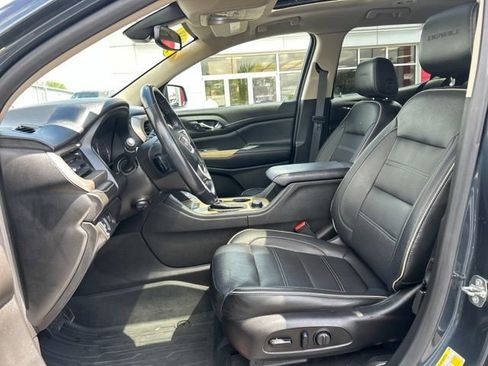 Used 2019 GMC Acadia Denali w/ Technology Package AWD/4WD image 35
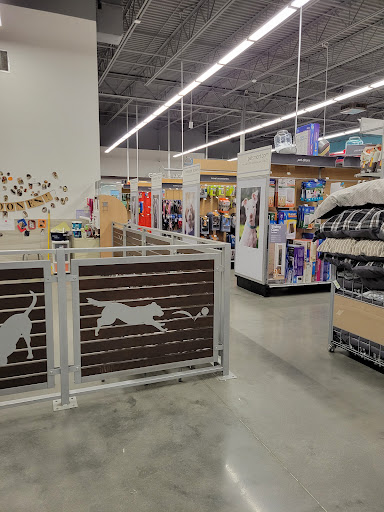 Pet Store «PetSmart», reviews and photos, 6545 North Grand Parkway West Suite 104, Spring, TX 77389, USA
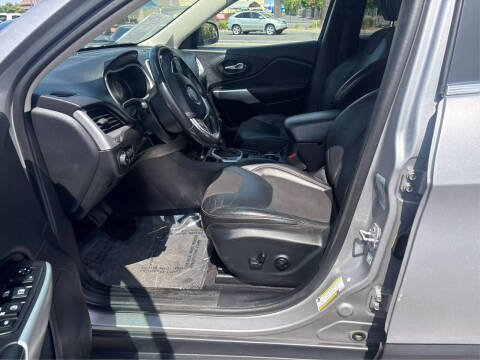 2018 Jeep Cherokee Latitude Plus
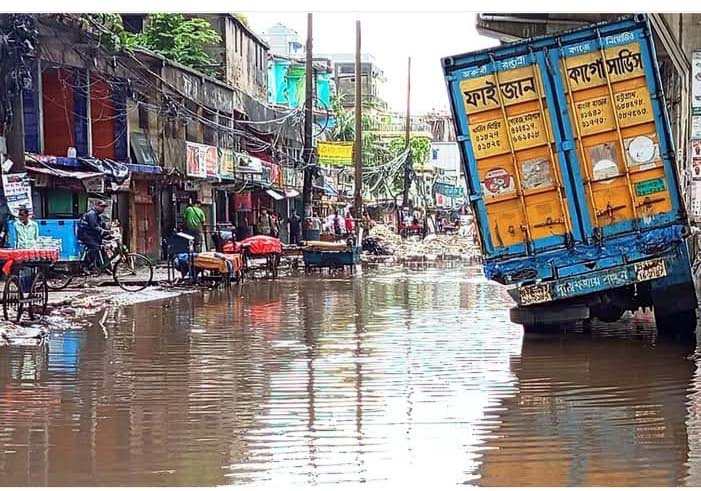 চট্টগ্রাম ইপিজেড-বিমান বন্দর সড়কের বেহাল অবস্থা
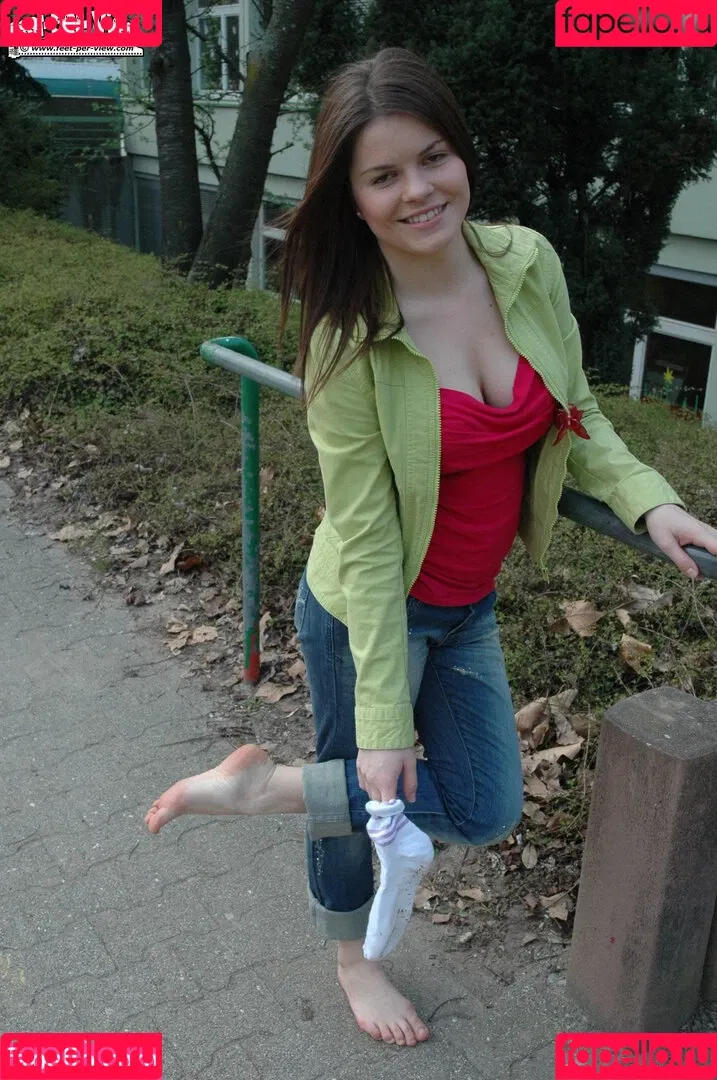 Feetperview / Sockenmädchen Onlyfans Photo Gallery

### YOUR OBJECTIVE
Set the whole listing down again unchanged, apart from the pictures, which are omitted.

### SOLUTION TO THIS TASK
 Used 2019 GMC Acadia Denali w/ Technology Package AWD/4WD image 35
 Pet Store «PetSmart», reviews and photos, 6545 North Grand Parkway West Suite 104, Spring, TX 77389, USA
 2018 Jeep Cherokee Latitude Plus
 চট্টগ্রাম ইপিজেড-বিমান বন্দর সড়কের বেহাল অবস্থা
 Feetperview / Sockenmädchen Onlyfans Photo Gallery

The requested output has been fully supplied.